And, sadly, it seems jail has done little to improve matters for Cameron Douglas, son of Michael and grandson of Kirk.

On Wednesday a New York court heard how he had persuaded his besotted defence lawyer to smuggle drugs to him, hidden in her bra.

The 34-year-old admitted he had shared the drugs with other inmates, and had also smoked cigarettes, gambled, snorted substances and committed other infractions while in prison.

Following these offences, a judge doubled his original five-year sentence to ten.

The appalling history and extent of Douglas’s drug problems were revealed as his legal team returned to court to appeal against that decision.

It came just a few days after Douglas reportedly suffered a broken leg and finger in a prison attack.
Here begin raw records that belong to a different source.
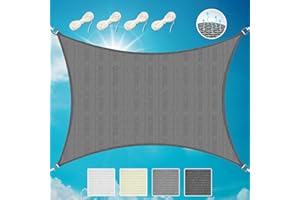 Sol Royal Sonnensegel rechteckig 3x4m Wasserdurchlässig HDPE Atmungsaktiver Balkon Terrasse Segeltuch UV Sonnenschutz Segel Garten Pool Camping Anthrazit – Shade Sails HS9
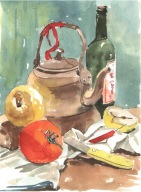 = Obraz =martwa natura=akwarela=owoce=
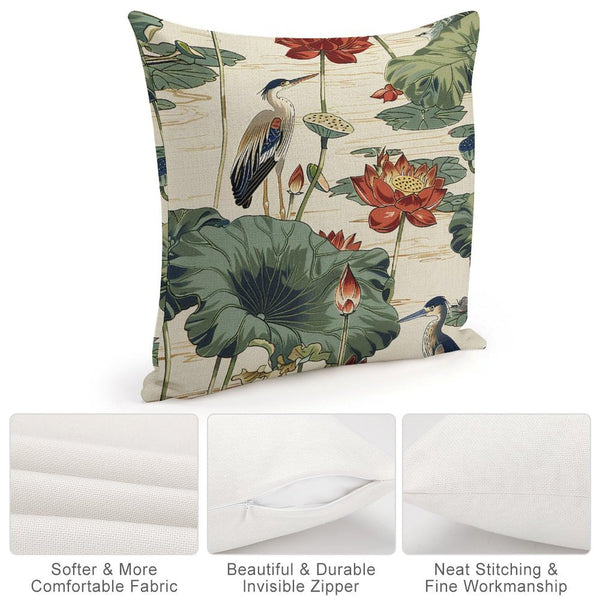 Pillow Cases Square Size 18 x 18 Inch Birds and Lotus Flowers Throw Pillow Case with Hidden Zipper Patio Bedroom Decor Rustic Pillowcase Both-Side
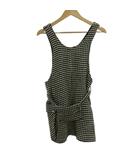 ザラ ZARA ジャンパースカート ワンピース キッズ 子ども服 13-14 黒 ブラック 白 ホワイト 千鳥格子柄 ノースリーブ Vネック ミニ丈 /PP ■ECB004
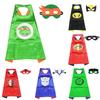 Turtle Superhero Ninja Cape Cloak Eye Mask Kid Halloween Cosplay Costume Party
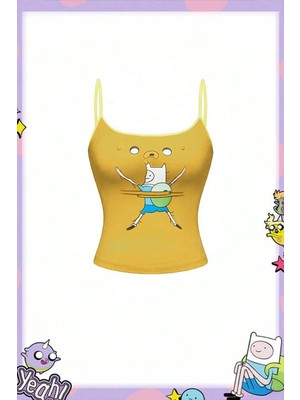 Köstebek Sarı Adventure Time Finn And Jack Y2K Askılı Crop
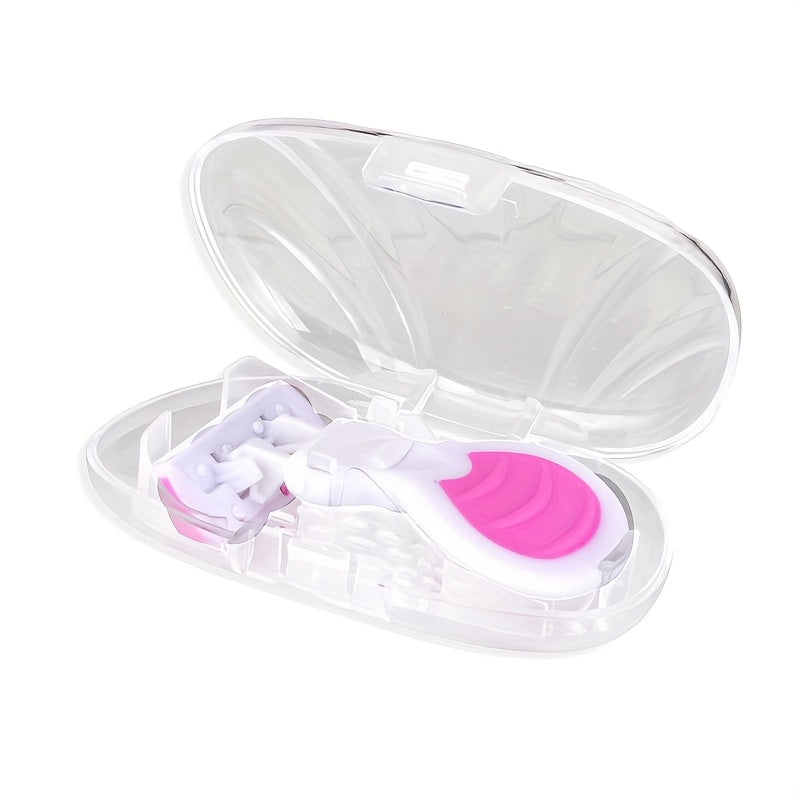 Women Compact 6-Layer Manual Razor with Non-Slip Handle and Replaceable Blades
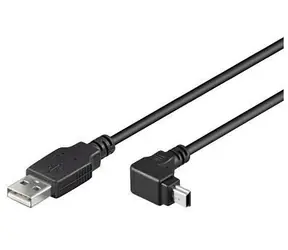 MicroConnect kabel USB2.0 A (M) - miniUSB B (M) zahnutý 90° 2m černá / 480Mbit/s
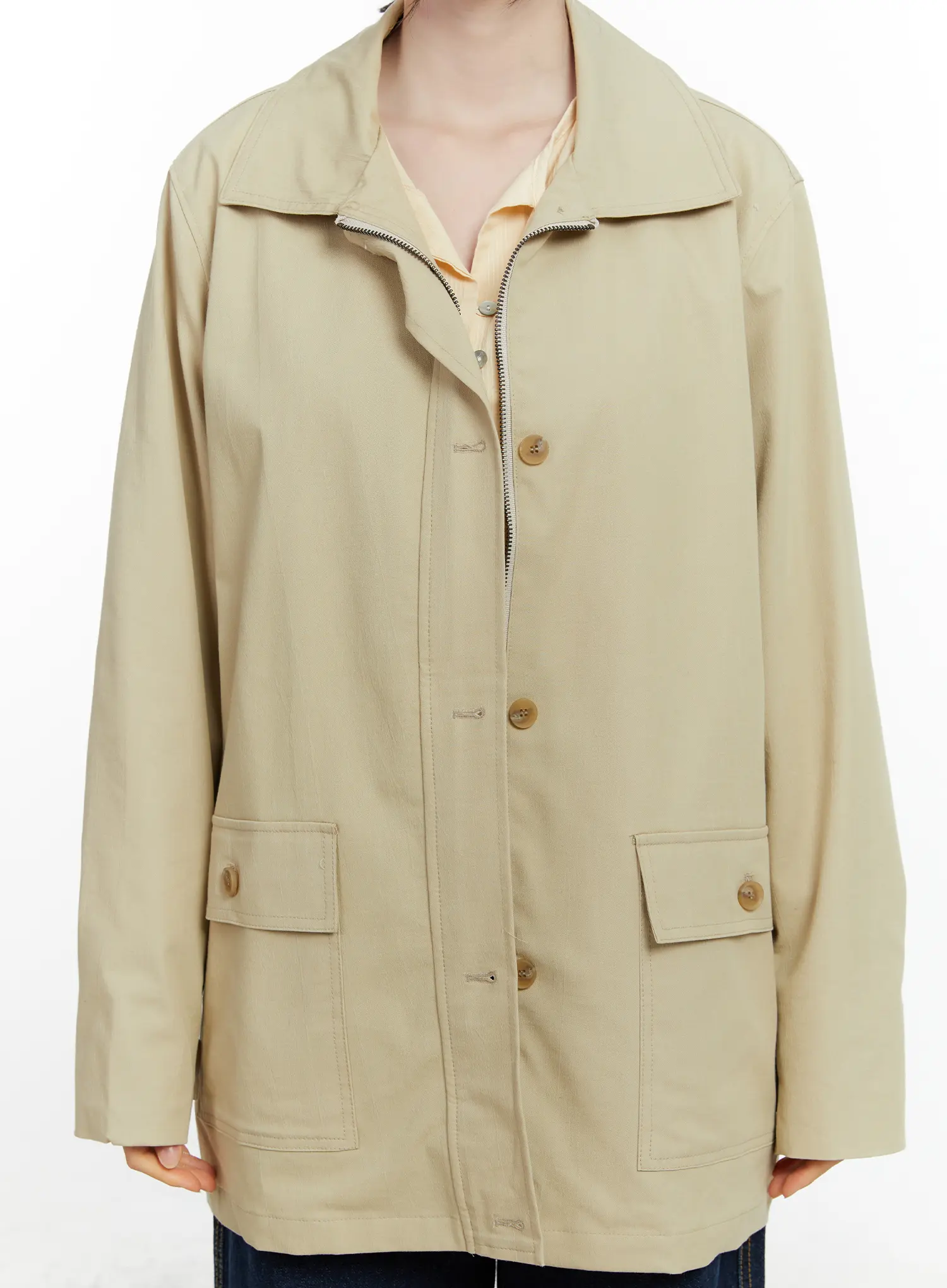 Relaxed Fit Cotton Jacket F502 - Image 4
Papers submitted to the appeals court revealed that Douglas had persuaded his defence lawyer to sneak drugs into prison in her bra on at least three or four occasions. Jennifer Ridha, 33, put contraband Xanax anti-anxiety pills inside a balloon, which she slipped inside her underwear.

Douglas’s current lawyer, Paul Shechtman, said she ‘apparently became enamoured of Cameron during frequent visits’.

Judge Richard Berman, who extended Douglas’s original sentence, said he had never ‘encountered a defendant who has so recklessly and wantonly and flagrantly and criminally acted in as destructive and (as) manipulative a fashion as Cameron Douglas has’.

But Mr Shechtman called the additional five years ‘shockingly long’ and said it ‘may be the harshest sentence ever imposed on a federal prisoner for a drug possession offence’.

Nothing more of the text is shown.